A Relational Sense of Place: Reimagining the “End of Coal” in the Anthropocene

Butler, Robert (2020). A Relational Sense of Place: Reimagining the “End of Coal” in the Anthropocene. PhD thesis The Open University.

DOI: https://doi.org/10.21954/ou.ro.00011f19

Abstract

Climate change has been widely discussed in scientific and ethical terms, but it also needs to be thought through as an idea of the imagination (Hulme 2009). This presents a number of significant challenges. There is a deficit in the social imaginary (Braidotti 2013). To counter this deficit involves generating new types of description (Latour 2018). These new types of description require a massive, counterintuitive shift (Morton 2018).

How can the Anthropocene be imagined in a way, for instance, that brings labour and environment together within a wider set of processes? The histories of environment and labour have largely been kept apart (Malm 2016). A major reason for that separation is that the relational aspects of resource extraction have not been taken seriously enough (Moore 2015). This thesis proposes a relational sense of place as a way of generating new descriptions in the Anthropocene. The sense of place is approached through aesthetics—specifically the geographical imagination—rather than ethics or epistemology. What specific aspects of the geographical imagination might be theorised and what methodologies might be useful in putting these theories into practice?

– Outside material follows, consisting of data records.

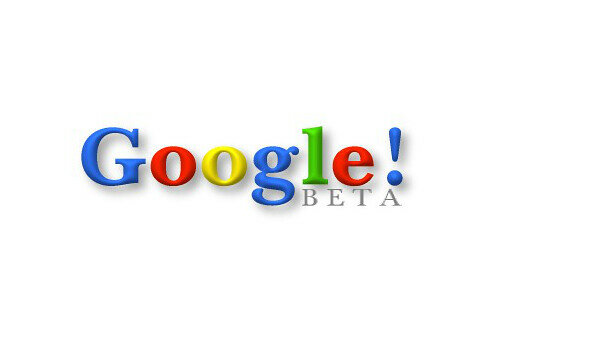 Google inc.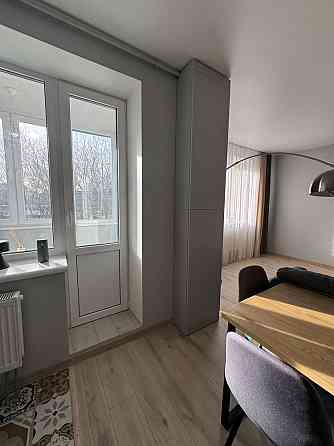 АКТУАЛЬНО! 1кім Н/б Відеоогляд Ремонт Всі меблі,техніка Телевізор Хмельницкий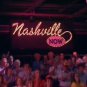NASHVILLE NOW 1984 RONNIE MILSAP, TONY JOE WHITE, RICHARD REID DVD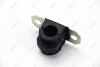 Подушка стабілізатора перед. Ford Courier 14-/B-Max 12- BSG BSG 30-700-435 (фото 3)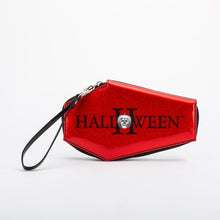 Load image into Gallery viewer, back of wallet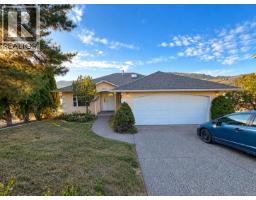 4305 Westview Drive, Vernon, BC V1T9B2 Photo 26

The case studies are exercises in knowledge production that arose from the “end of coal” in Britain in December 2015. These represent a series of modalities that directly related to this moment: a news report, a feature article, below-the-line comments, a TV documentary, a stage play and a dance piece. The analysis of the case studies asks how far the discourse about the “end of coal” connected labour and environment and one place with another. And how far did the conditions of possibility within the modalities shape the narrative outcomes? As societies struggle to transition towards low-carbon economies, it is important to recognise what stories tell stories (Haraway 2016).